Drawing inspiration from the One-Time-Pad in cryptography, we designed a new benchmark paradigm. ArxivRollBench automatically generates test cases from newly published arXiv papers every day—since the papers are new, the model cannot have seen them, so test results are not contaminated by training data.

We also proposed a quantitative framework for measuring the "cheating ratio." The leaderboard is at: https://arxivroll.moreoverai.com

KEYPOINT: I will update the leaderboard every six months. Follow along to see which models perform best under "clean exam" conditions.

Preprint 2026. This work returns to my roots in software security. We proposed Argus, a multi-agent collaborative static analysis framework capable of detecting security vulnerabilities across full attack chains.

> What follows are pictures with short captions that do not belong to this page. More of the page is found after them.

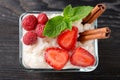 Glass bowl with delicious rice pudding and berries on black wooden table Royalty Free Stock Photo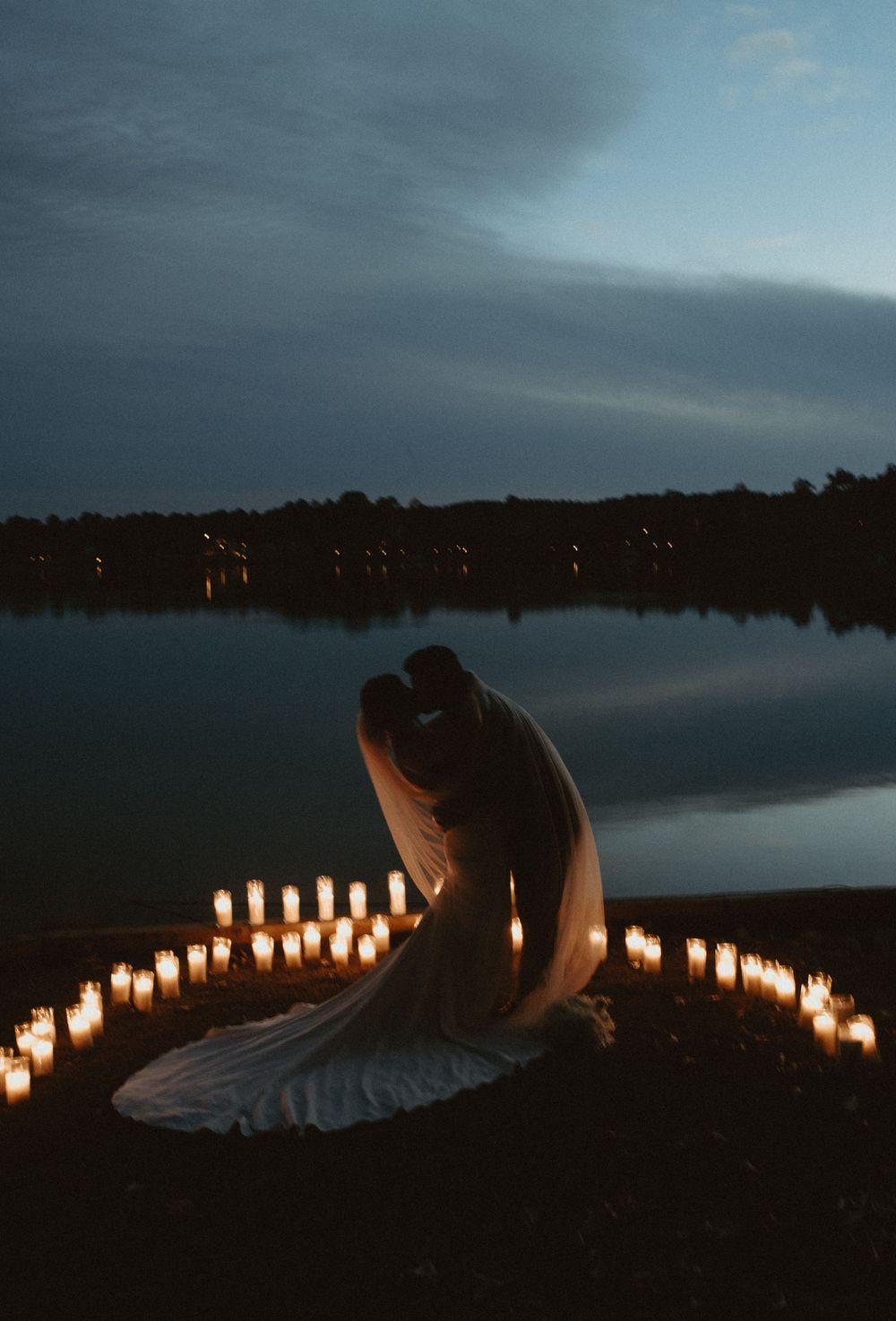 A romantic lakeside scene at dusk with glowing candles lining the shore and a silhouette in an elegant dress.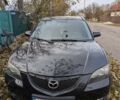 Черный Мазда 3, объемом двигателя 1.6 л и пробегом 300 тыс. км за 4100 $, фото 1 на Automoto.ua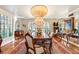 Elegant dining room with hardwood floors, a large table, and a crystal chandelier at 3074 Monte Rosa Ave, Las Vegas, NV 89120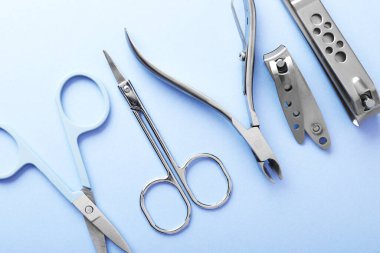 Açık mavi zemin üzerinde farklı manikür araçları kümesi, düz yatıyordu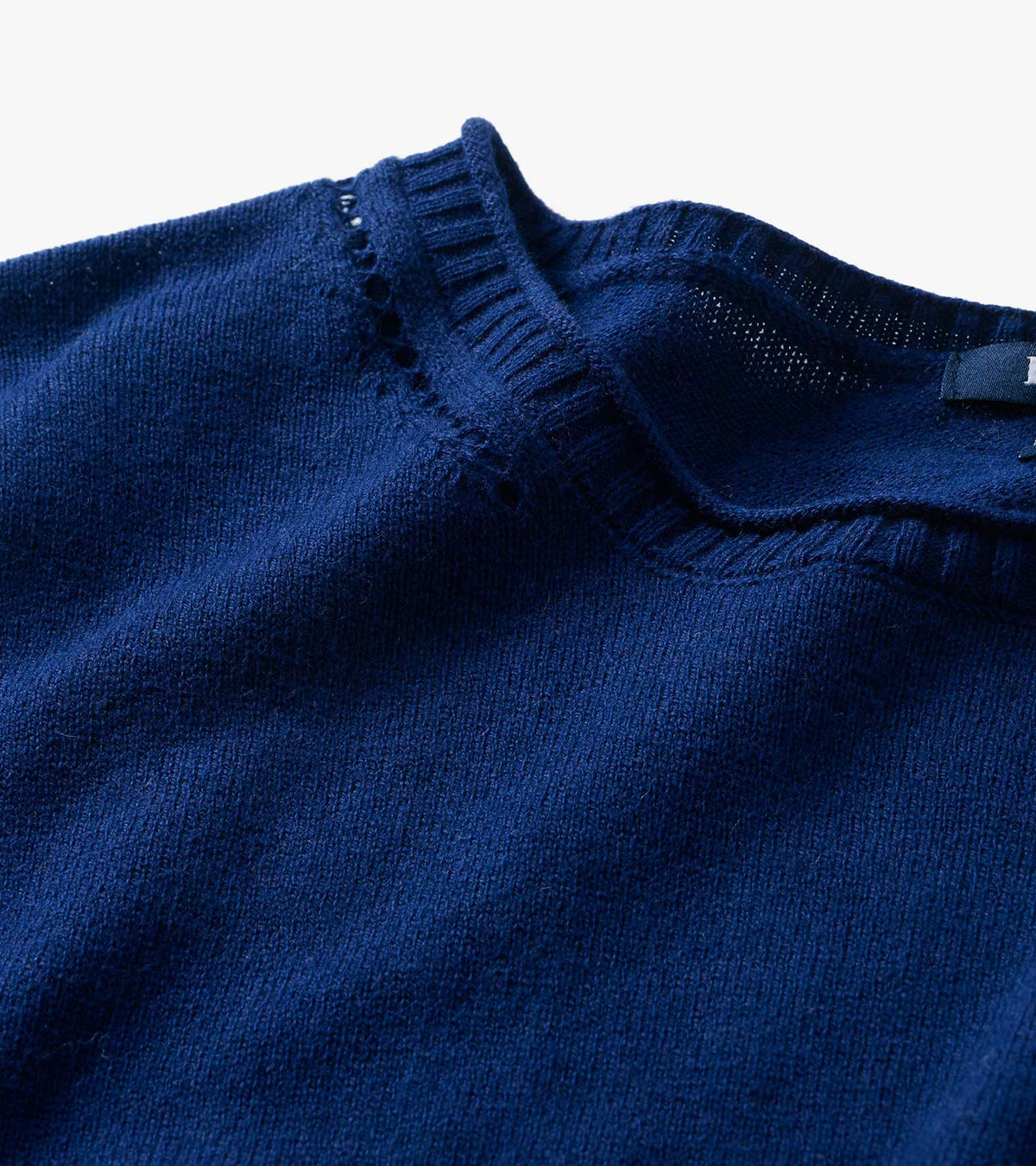 Close-up of patriot blue crew neck sweater neckline with ribbed trim and small openwork detail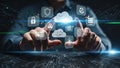 Person\'s hands interacting with holographic cloud computing and security icons in a digital network Royalty Free Stock Photo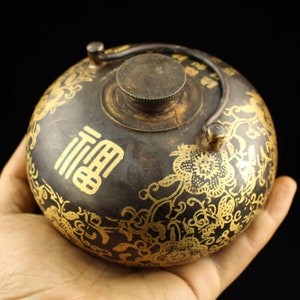 Könnte beinhalten: Eine kleine, runde, schwarze und goldene Teekanne mit Deckel und Henkel. Die Teekanne ist mit floralen Mustern und chinesischen Schriftzeichen verziert.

Traditional static analysis tools each have their strengths but operate in isolation. Argus uses a multi-agent ensemble to orchestrate them, leveraging each tool's expertise. The framework performs well on real-world vulnerability detection.

AAAI 2024. This was my first paper during the PhD, and also the first privacy-preserving inference framework specifically designed for NLG models.

Based on Secret Sharing and Multi-Party Computation (MPC), MERGE enables text generation without revealing user inputs or model parameters. We achieved a 10x speedup through a series of optimizations. If you are curious about how cryptography protects AI privacy, this is a good starting point.